This book does the other thing that I think he’s quite successful at, using some kind of centralized example, figure, moment, etc in order to speak to larger issues, and by usually moving away from more recent events, where the truth might still be unknown, hot takes abound, and which, sadly, are under the process of being “explained away” he does the reverse of “current events” books. He shows how a current state of events is part of a much longer process and series of episodes.
He takes here a meeting among Black artists, activists, and cultural thought leaders (as opposed to more “professional” activists ie, no Martin Luther King) and Robert Kennedy, when he was figuring out next steps after being Attorney General. This meeting included Harry Belafonte, James, Baldwin, Lorraine Hansberry, among others. The meeting was not “productive” in the sense of figuring out answers to questions, but in the sense of showing RFK the seriousness and depth of the pain, and how wanting the federal government’s response had been in the realm of civil rights and civil rights legislation, and how the slowplaying that Kennedy administration hadn’t won the support they were looking for in the white populations, and yet still cost them.

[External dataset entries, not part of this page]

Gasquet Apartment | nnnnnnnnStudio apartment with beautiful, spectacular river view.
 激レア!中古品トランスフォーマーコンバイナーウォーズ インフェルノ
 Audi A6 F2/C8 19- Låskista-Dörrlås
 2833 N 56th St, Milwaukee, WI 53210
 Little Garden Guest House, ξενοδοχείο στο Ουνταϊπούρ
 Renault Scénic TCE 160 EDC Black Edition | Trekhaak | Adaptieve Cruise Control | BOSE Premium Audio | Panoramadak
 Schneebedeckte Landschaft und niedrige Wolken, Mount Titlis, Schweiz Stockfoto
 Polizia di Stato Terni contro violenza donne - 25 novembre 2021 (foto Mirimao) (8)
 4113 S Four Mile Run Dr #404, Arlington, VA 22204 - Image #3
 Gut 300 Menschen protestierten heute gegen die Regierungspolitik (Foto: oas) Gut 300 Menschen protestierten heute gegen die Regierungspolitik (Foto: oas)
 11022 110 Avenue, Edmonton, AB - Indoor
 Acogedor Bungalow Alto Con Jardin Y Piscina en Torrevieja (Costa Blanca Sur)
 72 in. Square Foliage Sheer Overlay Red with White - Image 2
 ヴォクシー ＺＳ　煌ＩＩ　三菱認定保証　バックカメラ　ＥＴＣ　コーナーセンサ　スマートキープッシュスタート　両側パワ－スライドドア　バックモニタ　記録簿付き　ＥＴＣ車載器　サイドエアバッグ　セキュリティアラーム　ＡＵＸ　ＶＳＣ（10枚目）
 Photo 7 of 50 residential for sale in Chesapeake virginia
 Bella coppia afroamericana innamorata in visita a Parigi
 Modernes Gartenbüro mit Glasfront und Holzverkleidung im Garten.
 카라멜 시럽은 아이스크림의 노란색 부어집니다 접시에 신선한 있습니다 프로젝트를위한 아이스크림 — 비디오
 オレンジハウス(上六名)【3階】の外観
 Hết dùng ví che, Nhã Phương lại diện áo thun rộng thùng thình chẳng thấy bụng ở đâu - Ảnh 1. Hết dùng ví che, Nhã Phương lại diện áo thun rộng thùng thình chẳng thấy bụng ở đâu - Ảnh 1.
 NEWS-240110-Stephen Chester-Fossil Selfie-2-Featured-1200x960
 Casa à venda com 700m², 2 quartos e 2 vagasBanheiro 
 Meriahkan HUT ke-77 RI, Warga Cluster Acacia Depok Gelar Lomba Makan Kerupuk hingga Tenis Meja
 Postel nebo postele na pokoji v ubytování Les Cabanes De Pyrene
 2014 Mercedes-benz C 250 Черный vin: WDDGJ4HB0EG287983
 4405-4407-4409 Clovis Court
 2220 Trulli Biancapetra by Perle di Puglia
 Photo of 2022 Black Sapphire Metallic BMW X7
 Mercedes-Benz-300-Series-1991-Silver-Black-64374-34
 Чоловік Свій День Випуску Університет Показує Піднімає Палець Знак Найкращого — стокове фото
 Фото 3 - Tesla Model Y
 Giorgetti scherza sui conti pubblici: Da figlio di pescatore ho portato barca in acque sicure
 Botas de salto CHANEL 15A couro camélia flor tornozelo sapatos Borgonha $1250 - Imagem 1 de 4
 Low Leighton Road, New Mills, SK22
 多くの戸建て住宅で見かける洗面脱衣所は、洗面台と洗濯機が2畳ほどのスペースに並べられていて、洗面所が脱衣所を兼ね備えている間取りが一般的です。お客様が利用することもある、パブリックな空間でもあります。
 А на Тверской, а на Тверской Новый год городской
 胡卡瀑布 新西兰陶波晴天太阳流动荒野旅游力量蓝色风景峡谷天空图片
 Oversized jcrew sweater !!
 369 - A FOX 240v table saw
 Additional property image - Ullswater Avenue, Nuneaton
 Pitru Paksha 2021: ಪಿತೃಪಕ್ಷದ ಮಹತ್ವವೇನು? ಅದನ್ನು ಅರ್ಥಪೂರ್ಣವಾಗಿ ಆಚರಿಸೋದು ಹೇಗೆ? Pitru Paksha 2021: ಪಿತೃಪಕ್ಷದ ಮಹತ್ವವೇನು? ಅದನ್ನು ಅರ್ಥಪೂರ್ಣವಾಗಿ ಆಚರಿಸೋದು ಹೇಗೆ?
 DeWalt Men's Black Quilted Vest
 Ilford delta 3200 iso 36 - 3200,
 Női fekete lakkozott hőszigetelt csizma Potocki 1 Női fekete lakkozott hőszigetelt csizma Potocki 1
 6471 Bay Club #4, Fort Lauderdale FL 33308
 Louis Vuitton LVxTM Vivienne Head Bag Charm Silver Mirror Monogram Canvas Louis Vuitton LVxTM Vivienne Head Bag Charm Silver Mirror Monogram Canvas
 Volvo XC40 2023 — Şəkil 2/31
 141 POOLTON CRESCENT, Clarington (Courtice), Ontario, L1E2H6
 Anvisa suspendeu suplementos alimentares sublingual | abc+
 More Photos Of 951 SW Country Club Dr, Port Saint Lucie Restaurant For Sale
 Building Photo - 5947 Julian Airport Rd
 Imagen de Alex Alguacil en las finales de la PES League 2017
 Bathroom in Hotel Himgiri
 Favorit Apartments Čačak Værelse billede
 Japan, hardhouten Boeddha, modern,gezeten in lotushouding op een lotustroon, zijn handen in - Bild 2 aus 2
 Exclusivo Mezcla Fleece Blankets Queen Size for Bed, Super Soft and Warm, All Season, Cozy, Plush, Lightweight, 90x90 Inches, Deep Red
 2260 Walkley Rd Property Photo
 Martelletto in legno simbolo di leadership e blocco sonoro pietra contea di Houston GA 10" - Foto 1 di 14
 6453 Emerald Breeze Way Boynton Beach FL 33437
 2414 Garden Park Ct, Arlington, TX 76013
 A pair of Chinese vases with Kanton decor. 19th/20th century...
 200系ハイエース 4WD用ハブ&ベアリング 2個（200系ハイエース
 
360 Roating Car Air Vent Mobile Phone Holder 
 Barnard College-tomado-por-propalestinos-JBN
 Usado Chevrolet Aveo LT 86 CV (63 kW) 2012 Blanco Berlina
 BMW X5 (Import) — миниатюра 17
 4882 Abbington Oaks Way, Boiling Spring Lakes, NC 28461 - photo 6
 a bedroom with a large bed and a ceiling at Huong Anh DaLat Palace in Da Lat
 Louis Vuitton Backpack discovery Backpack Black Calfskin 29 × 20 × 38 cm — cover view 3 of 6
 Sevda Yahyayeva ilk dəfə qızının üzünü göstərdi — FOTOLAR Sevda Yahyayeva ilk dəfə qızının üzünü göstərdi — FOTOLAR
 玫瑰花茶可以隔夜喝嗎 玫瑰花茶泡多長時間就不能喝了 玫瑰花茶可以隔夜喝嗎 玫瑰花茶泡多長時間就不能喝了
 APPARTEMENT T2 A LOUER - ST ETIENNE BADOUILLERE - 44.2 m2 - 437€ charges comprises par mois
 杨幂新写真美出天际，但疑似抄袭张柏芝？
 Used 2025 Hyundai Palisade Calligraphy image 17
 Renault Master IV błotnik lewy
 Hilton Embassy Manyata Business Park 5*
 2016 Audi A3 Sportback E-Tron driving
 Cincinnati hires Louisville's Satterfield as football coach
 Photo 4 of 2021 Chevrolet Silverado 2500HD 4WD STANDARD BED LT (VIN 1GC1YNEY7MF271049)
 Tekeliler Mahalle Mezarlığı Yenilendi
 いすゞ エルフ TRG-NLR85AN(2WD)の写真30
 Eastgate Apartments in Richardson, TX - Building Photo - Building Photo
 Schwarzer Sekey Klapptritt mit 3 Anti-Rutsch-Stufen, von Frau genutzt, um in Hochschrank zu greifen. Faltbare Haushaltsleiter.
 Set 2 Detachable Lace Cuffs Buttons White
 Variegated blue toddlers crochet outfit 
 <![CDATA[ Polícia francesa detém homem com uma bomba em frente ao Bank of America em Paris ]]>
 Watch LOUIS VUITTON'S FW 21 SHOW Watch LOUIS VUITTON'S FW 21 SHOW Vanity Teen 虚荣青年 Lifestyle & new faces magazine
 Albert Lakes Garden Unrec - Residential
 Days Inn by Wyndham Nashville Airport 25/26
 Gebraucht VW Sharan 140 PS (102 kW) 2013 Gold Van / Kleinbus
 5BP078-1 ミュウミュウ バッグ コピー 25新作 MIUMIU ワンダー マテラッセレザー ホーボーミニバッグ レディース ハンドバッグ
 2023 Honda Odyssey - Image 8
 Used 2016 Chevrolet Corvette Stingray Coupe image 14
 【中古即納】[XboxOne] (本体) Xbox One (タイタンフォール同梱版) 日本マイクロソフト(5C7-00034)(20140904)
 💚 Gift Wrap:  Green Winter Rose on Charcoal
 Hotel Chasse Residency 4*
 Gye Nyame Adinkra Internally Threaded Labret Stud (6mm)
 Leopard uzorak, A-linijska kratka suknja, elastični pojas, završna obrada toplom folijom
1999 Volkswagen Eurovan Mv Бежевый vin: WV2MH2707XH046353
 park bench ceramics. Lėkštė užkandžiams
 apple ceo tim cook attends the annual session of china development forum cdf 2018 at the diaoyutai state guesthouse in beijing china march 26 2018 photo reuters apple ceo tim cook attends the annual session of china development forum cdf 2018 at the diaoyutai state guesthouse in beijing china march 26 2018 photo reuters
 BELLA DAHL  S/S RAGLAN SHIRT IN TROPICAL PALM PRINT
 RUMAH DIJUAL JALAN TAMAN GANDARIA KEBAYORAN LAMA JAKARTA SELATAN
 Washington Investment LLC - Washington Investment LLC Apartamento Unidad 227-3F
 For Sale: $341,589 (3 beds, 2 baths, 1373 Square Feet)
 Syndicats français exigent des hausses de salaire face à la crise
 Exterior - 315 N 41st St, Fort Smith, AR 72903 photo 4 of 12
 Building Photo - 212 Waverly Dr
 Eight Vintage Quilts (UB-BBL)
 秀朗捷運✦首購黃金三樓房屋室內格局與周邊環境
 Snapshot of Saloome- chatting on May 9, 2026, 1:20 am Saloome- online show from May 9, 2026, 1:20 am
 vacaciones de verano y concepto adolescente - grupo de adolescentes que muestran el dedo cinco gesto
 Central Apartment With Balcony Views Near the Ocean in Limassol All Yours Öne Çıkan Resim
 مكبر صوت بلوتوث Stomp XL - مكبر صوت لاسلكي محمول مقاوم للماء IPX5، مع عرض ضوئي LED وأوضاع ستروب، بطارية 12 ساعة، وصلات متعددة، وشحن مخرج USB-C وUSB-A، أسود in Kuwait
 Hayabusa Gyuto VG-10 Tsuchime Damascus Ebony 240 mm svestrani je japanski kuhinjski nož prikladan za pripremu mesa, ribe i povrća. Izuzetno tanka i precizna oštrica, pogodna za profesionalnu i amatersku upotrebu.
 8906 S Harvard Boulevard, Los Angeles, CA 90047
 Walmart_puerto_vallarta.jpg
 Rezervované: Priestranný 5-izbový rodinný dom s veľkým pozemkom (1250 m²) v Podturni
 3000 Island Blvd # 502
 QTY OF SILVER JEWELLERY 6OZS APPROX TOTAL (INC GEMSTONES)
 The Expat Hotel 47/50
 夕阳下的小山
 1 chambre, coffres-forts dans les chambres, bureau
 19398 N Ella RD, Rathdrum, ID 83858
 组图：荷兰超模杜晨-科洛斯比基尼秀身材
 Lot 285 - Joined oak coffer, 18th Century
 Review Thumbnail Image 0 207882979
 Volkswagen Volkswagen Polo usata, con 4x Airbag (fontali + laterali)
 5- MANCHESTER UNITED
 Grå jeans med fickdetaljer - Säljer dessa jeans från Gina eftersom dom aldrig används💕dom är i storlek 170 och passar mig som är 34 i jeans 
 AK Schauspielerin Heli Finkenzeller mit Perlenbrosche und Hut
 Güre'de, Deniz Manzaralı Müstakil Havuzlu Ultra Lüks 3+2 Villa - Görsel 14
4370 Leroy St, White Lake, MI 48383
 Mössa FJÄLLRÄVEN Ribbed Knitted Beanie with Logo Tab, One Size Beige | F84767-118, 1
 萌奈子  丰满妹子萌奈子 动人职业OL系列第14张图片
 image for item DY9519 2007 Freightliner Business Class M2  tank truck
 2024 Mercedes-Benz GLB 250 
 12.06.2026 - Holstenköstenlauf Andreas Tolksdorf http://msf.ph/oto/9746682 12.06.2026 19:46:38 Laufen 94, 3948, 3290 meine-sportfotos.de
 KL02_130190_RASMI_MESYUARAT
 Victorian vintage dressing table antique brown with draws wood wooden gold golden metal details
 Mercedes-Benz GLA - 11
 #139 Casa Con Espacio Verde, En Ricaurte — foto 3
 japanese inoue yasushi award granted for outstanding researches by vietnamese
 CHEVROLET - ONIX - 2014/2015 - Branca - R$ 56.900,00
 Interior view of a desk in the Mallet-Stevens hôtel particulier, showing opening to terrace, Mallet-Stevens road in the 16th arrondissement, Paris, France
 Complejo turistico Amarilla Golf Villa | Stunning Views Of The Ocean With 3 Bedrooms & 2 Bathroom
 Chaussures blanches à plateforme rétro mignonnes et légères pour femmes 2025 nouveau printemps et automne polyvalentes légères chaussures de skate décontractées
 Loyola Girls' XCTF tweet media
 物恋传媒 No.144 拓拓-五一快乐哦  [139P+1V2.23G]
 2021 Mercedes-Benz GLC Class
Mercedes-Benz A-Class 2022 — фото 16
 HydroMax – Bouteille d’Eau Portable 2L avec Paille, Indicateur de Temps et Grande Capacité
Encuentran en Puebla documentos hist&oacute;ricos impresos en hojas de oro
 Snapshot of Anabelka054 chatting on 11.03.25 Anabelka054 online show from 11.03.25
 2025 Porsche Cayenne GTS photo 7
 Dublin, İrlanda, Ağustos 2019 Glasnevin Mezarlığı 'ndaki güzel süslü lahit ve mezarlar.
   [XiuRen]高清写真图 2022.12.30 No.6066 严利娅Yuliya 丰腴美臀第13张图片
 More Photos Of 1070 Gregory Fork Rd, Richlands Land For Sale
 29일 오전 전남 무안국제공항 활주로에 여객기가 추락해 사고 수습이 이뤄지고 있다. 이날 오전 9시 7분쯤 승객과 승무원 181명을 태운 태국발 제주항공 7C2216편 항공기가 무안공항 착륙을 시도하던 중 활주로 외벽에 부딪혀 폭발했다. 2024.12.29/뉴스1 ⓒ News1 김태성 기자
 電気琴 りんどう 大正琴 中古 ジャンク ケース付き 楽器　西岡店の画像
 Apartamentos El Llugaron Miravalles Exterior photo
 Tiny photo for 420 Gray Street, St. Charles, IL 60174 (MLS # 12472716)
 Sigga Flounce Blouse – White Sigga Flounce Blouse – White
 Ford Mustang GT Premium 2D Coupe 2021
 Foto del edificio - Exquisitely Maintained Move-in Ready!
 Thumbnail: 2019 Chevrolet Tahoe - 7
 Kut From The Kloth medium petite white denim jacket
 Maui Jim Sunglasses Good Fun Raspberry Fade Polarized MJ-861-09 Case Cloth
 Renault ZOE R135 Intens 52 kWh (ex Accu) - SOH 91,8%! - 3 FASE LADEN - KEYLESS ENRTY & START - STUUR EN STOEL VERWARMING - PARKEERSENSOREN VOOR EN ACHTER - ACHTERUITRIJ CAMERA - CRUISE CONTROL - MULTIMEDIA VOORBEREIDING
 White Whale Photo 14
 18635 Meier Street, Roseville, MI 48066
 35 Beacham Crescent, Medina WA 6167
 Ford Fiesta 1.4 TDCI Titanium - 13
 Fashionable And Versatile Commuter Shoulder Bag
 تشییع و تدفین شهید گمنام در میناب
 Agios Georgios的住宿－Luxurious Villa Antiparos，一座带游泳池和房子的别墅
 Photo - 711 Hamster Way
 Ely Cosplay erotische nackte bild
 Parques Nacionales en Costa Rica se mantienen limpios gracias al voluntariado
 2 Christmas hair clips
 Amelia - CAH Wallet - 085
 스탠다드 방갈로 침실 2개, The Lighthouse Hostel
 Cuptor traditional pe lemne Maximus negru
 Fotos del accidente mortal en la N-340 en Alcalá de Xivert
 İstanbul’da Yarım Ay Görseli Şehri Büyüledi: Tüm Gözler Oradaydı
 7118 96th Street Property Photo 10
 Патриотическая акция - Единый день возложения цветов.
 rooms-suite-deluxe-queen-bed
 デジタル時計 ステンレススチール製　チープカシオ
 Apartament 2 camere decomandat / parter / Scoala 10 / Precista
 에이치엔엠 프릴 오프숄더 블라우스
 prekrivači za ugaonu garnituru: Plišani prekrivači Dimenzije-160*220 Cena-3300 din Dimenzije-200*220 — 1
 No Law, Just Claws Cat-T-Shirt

So RFK listened, then got mad, then stayed mad, and then slowly came to understand what had happened. The meeting involved bearing witness and not practical solutions, but he needed to know more before he could do more, especially in his future roles as Senator, and possible President.
So this meeting then becomes the core of this book, and this bearing of witness, even when frustrating, must be part of the conversations about race in this country. The book is small in focus and in length, but Eric Michael Dyson just always comes equipped (at least for me) to take the clearest and most reasonable understanding of a moment, and really get to the heart of things.
I think his stance of “I don’t have to like it, but…” is a much more honest and reasonable reaction to things he doesn’t necessarily agree with among people he ostensibly agrees with, and it’s something very very very lacking in non-Republican circles.